#### ASSIGNMENT:
Once you find the line in the listing below that contains "USA, circa Ende des 20. Jahrhunderts", copy it and every following line exactly, stopping at the end.
■ ■ ■ ■ ■
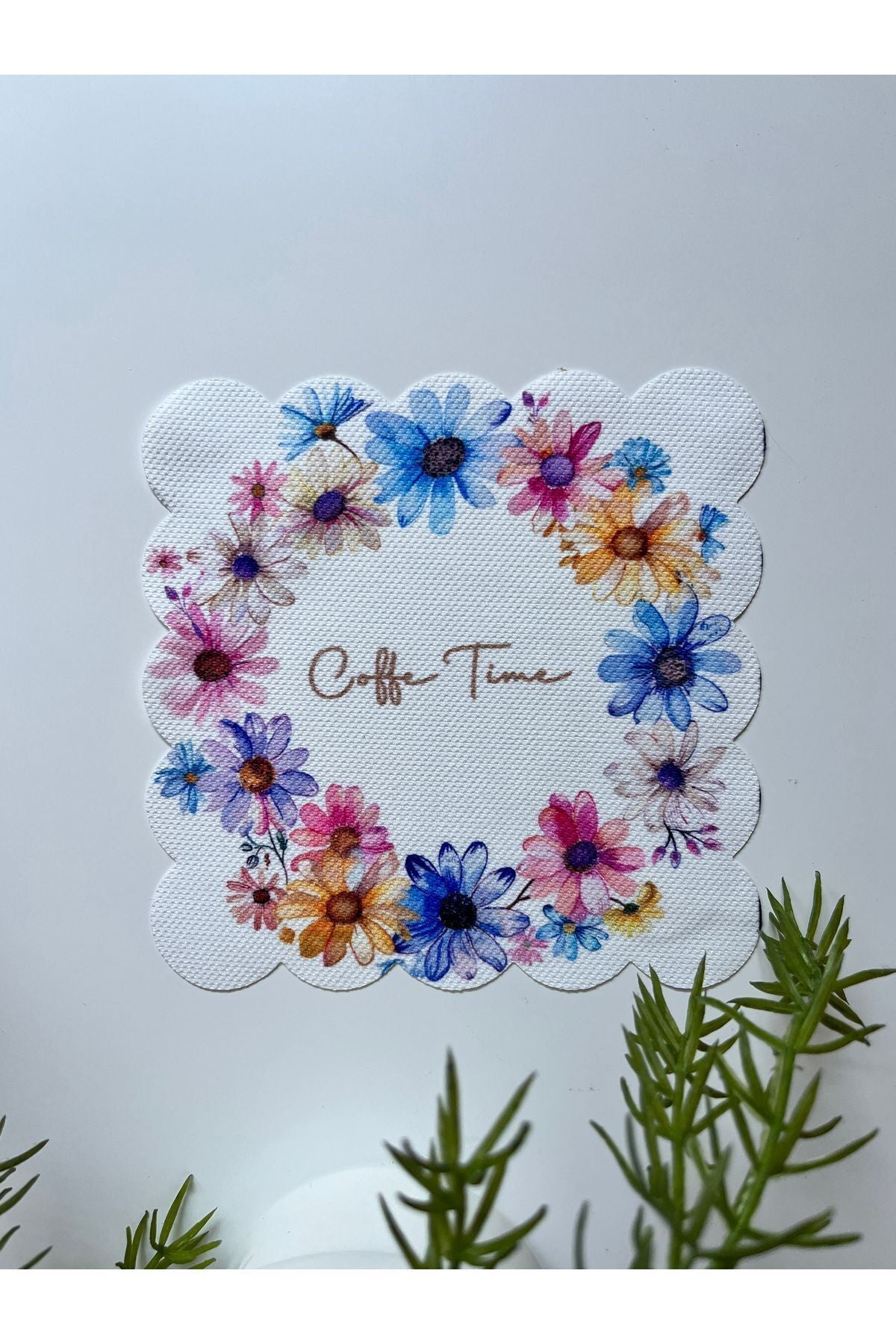 Çiçek Çelenk Coffe Time Desenli Dijital Baskılı, Kenarı Lazer Kesim Dekoratif Kokteyl Peçeteleri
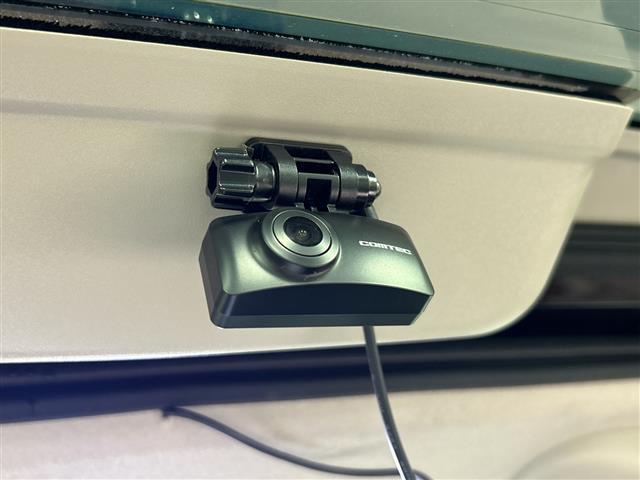 セレナ e-パワー ハイウェイスターG 社外ナビ アラウンドビューM 先進安全装備 プロパイロット Dルームミラー パーキングA 両側電動 ステアリングH 合皮シート 社外TPMS ブラウン内装 2列目3列目シートバックT/USBソケット(11枚目)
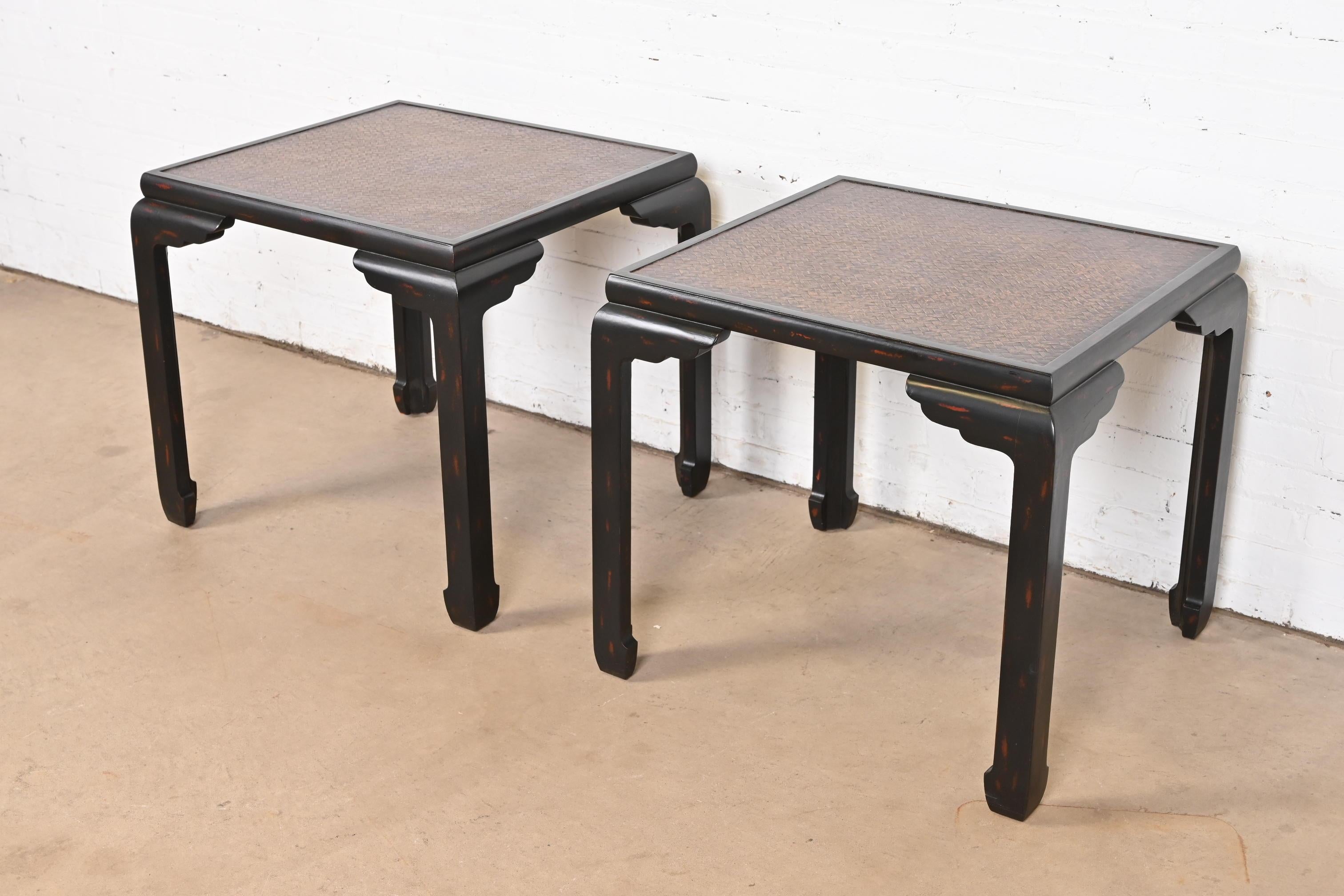 Ein wunderschönes Paar moderner Hollywood Regency Chinoiserie Beistelltische aus der Jahrhundertmitte

Von Baker Furniture

USA, circa Ende des 20. Jahrhunderts

Schwarz lackiertes Nussbaumholz, mit Rattanimitatauflagen.

Maße: 27,25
■ ■ ■ ■ ■
#### EXERCISE ANSWER:
USA, circa Ende des 20. Jahrhunderts

Schwarz lackiertes Nussbaumholz, mit Rattanimitatauflagen.

Maße: 27,25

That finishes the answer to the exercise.